The Heart Institute, Cincinnati Children’s Hospital Medical Center, Cincinnati, OH 45229, USA.
Hum Mol Genet. 2012 May 1;21(9):2039-53. doi: 10.1093/hmg/dds022. Epub 2012 Jan 27.
Abnormalities in Z-disc proteins cause hypertrophic (HCM), dilated (DCM) and/or restrictive cardiomyopathy (RCM), but disease-causing mechanisms are not fully understood. Myopalladin (MYPN) is a Z-disc protein expressed in striated muscle and functions as a structural, signaling and gene expression regulating molecule in response to muscle stress. MYPN was genetically screened in 900 patients with HCM, DCM and RCM, and disease-causing mechanisms were investigated using comparative immunohistochemical analysis of the patient myocardium and neonatal rat cardiomyocytes expressing mutant MYPN. Cardiac-restricted transgenic (Tg) mice were generated and protein-protein interactions were evaluated. Two nonsense and 13 missense MYPN variants were identified in subjects with DCM, HCM and RCM with the average cardiomyopathy prevalence of 1.66%. Functional studies were performed on two variants (Q529X and Y20C) associated with variable clinical phenotypes. Humans carrying the Y20C-MYPN variant developed HCM or DCM, whereas Q529X-MYPN was found in familial RCM. Disturbed myofibrillogenesis with disruption of α-actinin2, desmin and cardiac ankyrin repeat protein (CARP) was evident in rat cardiomyocytes expressing MYPN(Q529X). Cardiac-restricted MYPN(Y20C) Tg mice developed HCM and disrupted intercalated discs, with disturbed expression of desmin, desmoplakin, connexin43 and vinculin being evident. Failed nuclear translocation and reduced binding of Y20C-MYPN to CARP were demonstrated using in vitro and in vivo systems. MYPN mutations cause various forms of cardiomyopathy via different protein-protein interactions. Q529X-MYPN causes RCM via disturbed myofibrillogenesis, whereas Y20C-MYPN perturbs MYPN nuclear shuttling and leads to abnormal assembly of terminal Z-disc within the cardiac transitional junction and intercalated disc.
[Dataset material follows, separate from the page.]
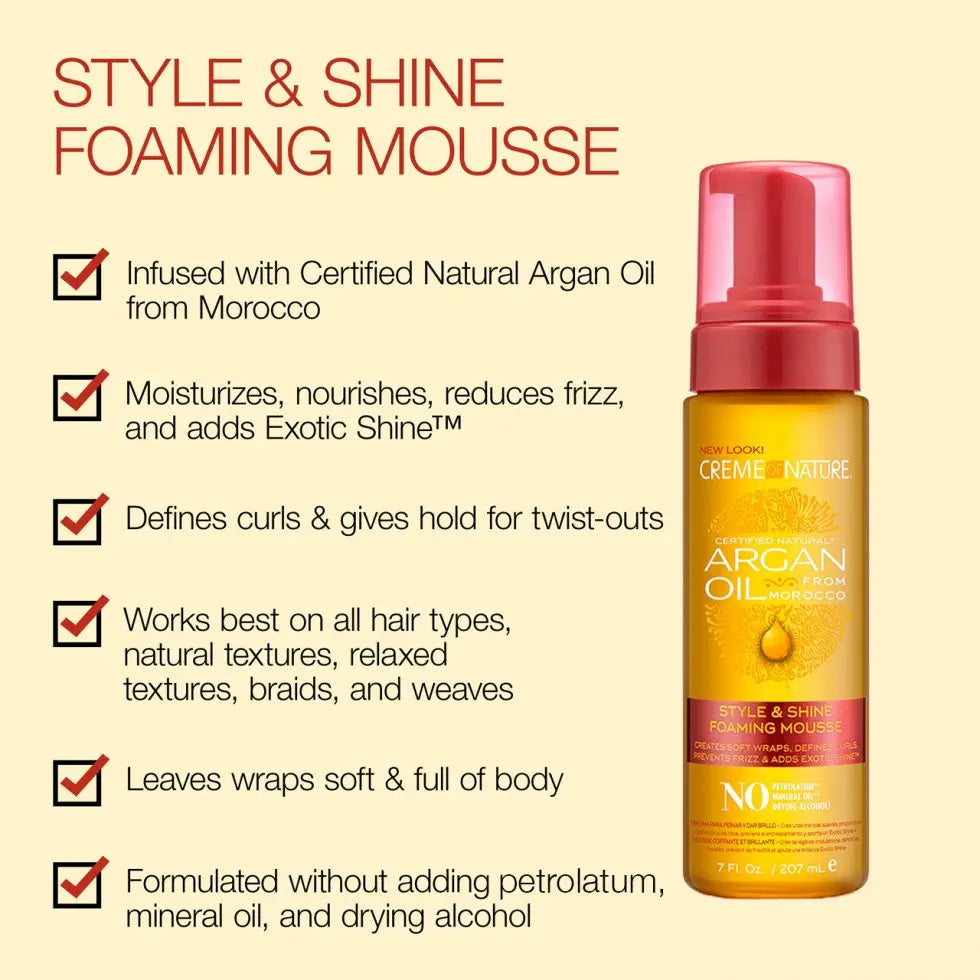 Creme of Nature - Of Argan Oil Style & Shine Foaming Mousse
Z 盘蛋白的异常可导致肥厚型心肌病(HCM)、扩张型心肌病(DCM)和/或限制型心肌病(RCM),但其致病机制尚不完全清楚。肌联蛋白(MYPN)是一种在横纹肌中表达的 Z 盘蛋白,作为一种结构、信号和基因表达调节分子,在肌肉应激时发挥作用。对 900 例 HCM、DCM 和 RCM 患者进行了 MYPN 基因筛查,并通过对表达突变 MYPN 的患者心肌和新生大鼠心肌细胞的比较免疫组织化学分析,研究了致病机制。生成了心脏特异性转基因(Tg)小鼠,并对蛋白-蛋白相互作用进行了评估。在 DCM、HCM 和 RCM 患者中发现了 2 个无义和 13 个错义 MYPN 变体,平均心肌病患病率为 1.66%。对与可变临床表型相关的两个变体(Q529X 和 Y20C)进行了功能研究。携带 Y20C-MYPN 变体的人发生 HCM 或 DCM,而 Q529X-MYPN 存在于家族性 RCM 中。在表达 MYPN(Q529X)的大鼠心肌细胞中,可见肌原纤维生成紊乱,伴α-辅肌动蛋白 2、结蛋白和心脏锚蛋白重复蛋白(CARP)的破坏。心脏特异性 MYPN(Y20C)Tg 小鼠发生 HCM 和闰盘破坏,结蛋白、桥粒斑蛋白、连接蛋白 43 和 vinculin 的表达紊乱。通过体外和体内系统证明,Y20C-MYPN 的核易位失败和与 CARP 的结合减少。MYPN 突变通过不同的蛋白-蛋白相互作用导致各种形式的心肌病。Q529X-MYPN 通过肌原纤维生成紊乱导致 RCM,而 Y20C-MYPN 扰乱 MYPN 核易位,导致心脏过渡连接和闰盘内末端 Z 盘的异常组装。